HP Q4 revenue fell 3 percent in Americas, mainly due to declines in the U.S. Revenue from EMEA was flat at $10.2 billion. APJ revenue dipped 5 percent to $5.3 billion. Japan contributed to about half of the regional decline. HP had a tough time in India related to the large PC deal won in the same period last year.
As part of its restructuring, HP said nearly 41,000 people exited the company by the end of fiscal year.
HP said it posted strong performance in personal systems, industry standard servers and networking business.

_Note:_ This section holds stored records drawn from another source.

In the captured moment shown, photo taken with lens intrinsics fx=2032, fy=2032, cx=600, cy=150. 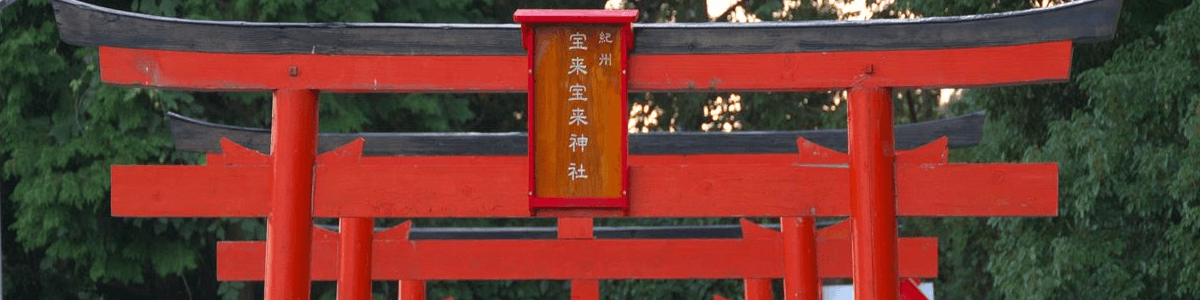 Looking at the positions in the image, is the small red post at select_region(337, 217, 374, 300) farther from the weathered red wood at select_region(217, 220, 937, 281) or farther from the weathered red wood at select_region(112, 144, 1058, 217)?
the weathered red wood at select_region(112, 144, 1058, 217)

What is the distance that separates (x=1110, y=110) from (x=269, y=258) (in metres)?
8.75

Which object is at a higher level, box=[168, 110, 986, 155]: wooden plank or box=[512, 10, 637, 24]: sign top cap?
box=[512, 10, 637, 24]: sign top cap

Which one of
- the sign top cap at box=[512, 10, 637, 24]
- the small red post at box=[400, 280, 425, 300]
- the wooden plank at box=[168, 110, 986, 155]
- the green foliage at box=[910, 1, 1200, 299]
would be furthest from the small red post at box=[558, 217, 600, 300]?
the sign top cap at box=[512, 10, 637, 24]

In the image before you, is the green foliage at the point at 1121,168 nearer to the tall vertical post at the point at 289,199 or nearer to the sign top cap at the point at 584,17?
the sign top cap at the point at 584,17

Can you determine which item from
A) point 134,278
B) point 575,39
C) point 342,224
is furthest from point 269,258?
point 134,278

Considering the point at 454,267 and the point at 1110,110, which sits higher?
the point at 1110,110

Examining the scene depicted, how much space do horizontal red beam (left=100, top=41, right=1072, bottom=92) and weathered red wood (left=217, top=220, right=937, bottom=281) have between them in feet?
15.8

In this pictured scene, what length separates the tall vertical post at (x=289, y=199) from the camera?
8.77 metres

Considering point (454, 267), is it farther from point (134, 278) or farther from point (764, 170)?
point (134, 278)

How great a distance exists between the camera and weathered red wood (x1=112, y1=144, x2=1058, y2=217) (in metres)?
8.72

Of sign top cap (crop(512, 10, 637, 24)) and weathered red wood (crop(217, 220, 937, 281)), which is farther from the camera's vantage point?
weathered red wood (crop(217, 220, 937, 281))

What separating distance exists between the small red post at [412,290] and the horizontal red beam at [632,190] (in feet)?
20.4

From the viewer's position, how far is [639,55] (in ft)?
28.3

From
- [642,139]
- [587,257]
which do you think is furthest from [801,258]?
[587,257] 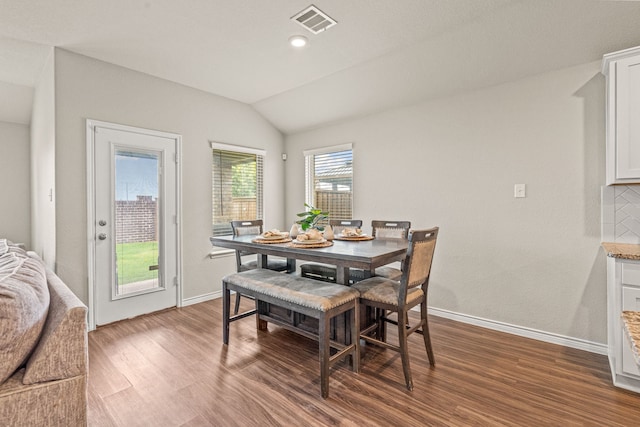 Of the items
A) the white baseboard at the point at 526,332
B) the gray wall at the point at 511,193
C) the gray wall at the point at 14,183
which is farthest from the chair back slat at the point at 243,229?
the gray wall at the point at 14,183

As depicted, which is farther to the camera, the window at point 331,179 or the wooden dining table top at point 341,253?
the window at point 331,179

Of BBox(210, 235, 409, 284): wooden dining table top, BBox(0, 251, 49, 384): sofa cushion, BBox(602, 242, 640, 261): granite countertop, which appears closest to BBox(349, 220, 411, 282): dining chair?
BBox(210, 235, 409, 284): wooden dining table top

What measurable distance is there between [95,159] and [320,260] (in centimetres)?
255

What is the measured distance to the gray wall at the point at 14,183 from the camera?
166 inches

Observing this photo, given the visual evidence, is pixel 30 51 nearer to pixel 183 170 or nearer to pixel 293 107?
pixel 183 170

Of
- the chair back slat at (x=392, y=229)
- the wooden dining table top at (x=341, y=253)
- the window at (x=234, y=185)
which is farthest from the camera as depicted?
the window at (x=234, y=185)

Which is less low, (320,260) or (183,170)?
(183,170)

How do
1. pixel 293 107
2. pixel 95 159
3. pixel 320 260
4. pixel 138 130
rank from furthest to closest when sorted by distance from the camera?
pixel 293 107, pixel 138 130, pixel 95 159, pixel 320 260

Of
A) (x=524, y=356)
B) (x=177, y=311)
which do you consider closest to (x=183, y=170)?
(x=177, y=311)

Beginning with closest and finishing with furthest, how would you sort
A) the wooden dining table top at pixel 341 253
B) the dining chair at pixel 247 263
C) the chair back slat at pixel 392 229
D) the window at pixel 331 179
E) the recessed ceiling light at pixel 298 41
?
the wooden dining table top at pixel 341 253
the recessed ceiling light at pixel 298 41
the chair back slat at pixel 392 229
the dining chair at pixel 247 263
the window at pixel 331 179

HP survived with 2 percent revenue decrease in Q4 because of a 4 percent increase in HP personal systems revenue to $8.9 billion. Commercial revenue increased 7 percent and consumer revenue dipped 2 percent. HP shipments rose 5 percent — desktops units fell 2 percent and notebooks units rose 8 percent.

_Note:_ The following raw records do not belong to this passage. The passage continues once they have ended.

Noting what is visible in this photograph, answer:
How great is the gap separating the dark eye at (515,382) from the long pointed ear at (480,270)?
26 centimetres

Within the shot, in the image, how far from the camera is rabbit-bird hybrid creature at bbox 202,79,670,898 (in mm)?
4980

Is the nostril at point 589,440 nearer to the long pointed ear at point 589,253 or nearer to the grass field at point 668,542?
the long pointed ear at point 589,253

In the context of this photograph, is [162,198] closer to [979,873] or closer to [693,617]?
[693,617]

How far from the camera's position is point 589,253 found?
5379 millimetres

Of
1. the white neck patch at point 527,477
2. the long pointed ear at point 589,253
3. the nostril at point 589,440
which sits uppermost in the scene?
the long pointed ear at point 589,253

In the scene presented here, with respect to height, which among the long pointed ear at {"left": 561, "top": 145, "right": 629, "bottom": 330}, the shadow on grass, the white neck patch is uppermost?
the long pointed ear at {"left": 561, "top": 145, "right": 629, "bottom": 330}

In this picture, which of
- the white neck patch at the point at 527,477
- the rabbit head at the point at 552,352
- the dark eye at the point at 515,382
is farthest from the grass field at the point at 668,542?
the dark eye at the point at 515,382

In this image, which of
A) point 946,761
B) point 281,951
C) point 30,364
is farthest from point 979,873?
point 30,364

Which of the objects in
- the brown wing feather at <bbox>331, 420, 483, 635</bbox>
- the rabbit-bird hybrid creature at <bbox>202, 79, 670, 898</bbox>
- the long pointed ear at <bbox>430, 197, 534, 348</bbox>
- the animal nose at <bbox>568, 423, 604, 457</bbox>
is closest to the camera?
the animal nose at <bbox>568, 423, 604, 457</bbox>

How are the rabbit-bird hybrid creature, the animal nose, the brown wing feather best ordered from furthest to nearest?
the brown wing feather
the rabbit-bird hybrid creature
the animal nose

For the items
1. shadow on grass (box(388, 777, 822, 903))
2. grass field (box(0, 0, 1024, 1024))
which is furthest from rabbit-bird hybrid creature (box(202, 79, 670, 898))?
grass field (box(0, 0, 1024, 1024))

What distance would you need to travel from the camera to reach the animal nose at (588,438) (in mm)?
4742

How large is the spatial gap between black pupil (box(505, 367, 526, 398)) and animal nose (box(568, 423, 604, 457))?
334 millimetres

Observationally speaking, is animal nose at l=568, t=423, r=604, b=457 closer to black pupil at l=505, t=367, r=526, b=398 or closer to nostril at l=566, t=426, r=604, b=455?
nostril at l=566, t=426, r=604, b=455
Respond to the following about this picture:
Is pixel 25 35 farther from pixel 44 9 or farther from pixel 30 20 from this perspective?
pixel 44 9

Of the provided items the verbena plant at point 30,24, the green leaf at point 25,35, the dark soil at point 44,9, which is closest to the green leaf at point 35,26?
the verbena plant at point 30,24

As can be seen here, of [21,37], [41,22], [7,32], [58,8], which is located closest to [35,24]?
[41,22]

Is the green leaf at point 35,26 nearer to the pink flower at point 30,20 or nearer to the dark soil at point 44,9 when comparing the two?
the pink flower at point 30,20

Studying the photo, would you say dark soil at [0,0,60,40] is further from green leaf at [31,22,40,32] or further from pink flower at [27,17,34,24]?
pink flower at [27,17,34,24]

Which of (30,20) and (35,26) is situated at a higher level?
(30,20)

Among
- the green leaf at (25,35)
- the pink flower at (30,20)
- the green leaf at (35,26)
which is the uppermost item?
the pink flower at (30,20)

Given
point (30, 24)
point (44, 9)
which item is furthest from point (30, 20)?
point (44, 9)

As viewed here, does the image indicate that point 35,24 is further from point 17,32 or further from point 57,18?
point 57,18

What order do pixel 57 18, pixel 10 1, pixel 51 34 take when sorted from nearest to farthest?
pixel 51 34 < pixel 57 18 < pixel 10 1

Excluding personal systems – supported by business segment – all HP businesses showed negative growth.
Printing revenue dipped 5 percent. HP printing shipments fell 1 percent. Commercial hardware units rose 5 percent and consumer hardware units fell 4 percent.
HP Enterprise Group revenue dipped 4 percent to $7.3 billion. Industry Standard Servers revenue fell 2 percent, Storage revenue dropped 8 percent, Business Critical Systems revenue declined 29 percent, Networking revenue rose 2 percent and Technology Services revenue decreased 3 percent.

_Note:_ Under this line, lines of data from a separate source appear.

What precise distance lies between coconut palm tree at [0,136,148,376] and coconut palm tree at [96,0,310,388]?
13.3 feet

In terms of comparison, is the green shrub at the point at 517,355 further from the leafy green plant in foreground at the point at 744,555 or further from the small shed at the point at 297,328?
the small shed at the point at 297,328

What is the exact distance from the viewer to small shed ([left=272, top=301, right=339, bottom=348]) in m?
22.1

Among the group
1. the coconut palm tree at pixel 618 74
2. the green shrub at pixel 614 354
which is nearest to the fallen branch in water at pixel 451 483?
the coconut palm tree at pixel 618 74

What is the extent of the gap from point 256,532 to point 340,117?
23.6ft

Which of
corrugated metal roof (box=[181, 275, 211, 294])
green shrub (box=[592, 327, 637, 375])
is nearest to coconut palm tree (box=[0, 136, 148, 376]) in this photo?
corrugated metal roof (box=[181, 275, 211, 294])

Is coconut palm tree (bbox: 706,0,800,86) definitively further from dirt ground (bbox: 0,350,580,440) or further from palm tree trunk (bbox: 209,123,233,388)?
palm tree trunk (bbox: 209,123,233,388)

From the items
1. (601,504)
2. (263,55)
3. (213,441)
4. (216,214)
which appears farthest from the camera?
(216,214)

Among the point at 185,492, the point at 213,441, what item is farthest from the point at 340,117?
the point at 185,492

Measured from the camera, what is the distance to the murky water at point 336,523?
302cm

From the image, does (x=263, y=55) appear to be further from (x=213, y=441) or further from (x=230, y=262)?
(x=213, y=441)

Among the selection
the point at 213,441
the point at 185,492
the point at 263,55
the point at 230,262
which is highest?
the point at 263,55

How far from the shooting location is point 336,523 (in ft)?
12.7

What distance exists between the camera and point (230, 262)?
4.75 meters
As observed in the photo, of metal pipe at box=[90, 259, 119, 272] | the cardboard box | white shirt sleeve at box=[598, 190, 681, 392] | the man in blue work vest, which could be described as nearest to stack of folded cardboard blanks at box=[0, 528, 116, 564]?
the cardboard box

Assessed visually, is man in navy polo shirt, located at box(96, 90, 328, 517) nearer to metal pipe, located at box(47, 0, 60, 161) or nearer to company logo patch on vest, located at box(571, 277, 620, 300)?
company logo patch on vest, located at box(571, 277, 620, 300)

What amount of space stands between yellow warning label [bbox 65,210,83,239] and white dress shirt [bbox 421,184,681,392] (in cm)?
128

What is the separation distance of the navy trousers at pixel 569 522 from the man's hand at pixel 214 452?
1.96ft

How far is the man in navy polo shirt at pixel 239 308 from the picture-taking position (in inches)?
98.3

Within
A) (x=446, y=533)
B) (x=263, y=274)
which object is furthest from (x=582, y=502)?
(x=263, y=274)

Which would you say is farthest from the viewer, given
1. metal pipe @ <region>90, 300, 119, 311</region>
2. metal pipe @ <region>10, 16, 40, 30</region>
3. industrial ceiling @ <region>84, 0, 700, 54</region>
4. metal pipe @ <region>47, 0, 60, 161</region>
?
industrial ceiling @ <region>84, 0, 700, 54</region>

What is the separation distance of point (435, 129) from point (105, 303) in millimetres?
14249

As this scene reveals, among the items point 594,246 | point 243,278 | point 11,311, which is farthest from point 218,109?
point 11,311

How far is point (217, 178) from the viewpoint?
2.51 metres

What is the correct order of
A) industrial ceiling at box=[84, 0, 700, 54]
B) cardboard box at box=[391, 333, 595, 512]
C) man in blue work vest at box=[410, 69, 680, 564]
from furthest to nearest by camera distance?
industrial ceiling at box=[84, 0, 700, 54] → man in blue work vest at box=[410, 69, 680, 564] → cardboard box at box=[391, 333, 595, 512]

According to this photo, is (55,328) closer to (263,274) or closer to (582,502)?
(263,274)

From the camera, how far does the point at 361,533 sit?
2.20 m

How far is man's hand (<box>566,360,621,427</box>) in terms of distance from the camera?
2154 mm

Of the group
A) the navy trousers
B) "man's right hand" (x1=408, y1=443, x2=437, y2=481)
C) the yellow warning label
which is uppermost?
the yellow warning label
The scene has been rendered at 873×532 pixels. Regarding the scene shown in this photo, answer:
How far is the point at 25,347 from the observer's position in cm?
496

Enterprise Services revenue fell 7 percent. Application and Business Services revenue dipped 6 percent and Infrastructure Technology Outsourcing revenue declined 7 percent.
HP Software revenue decreased 1 percent to $1.1 billion. License revenue was up 2 percent, support revenue was down 1 percent, professional services revenue was down 5 percent and software-as-a-service (SaaS) revenue was flat.
HP Financial Services revenue was down 1 percent.
How HP enterprise biz performed?
Within HP’s Enterprise Group, the revenue of industry standard server business fell 2 percent to $3.4 billion. Sales grew in EMEA and Asia, while Americas revenue declined.
Technology services revenue fell 3 percent to $2.1 billion, driven primarily by hardware revenue declines in business critical servers and storage. Total penetration rates declined, while improving across BCS and traditional industry standard servers.
HP Storage revenue dipped 8 percent to $878 million. “The market continues to shift from the high-end to the midrange in entry-level storage solutions, and we saw the shift reflected in the strong growth of our 3PAR midrange offerings,” said HP.
Converged storage declined 3 percent. 3PAR plus XP, plus EVA revenue declined 6 percent.
Networking revenue rose 2 percent to $669 million, driven by strong switching growth. HP posted strong growth in China in the fourth quarter, specifically in the data center.
HP Business critical servers’ revenue declined 29 percent to $238 million. This apart, HP Enterprise Services revenue dipped 7 percent to $5.5 billion. Full fiscal 2014 revenue was $22.4 billion, down 7 percent.
IT outsourcing revenue dipped 7 percent to $3.4 billion. HP applications and business services revenue fell 6 percent to $2.1 billion. Strategic Enterprise Services or services for the new style of IT grew revenue double-digits.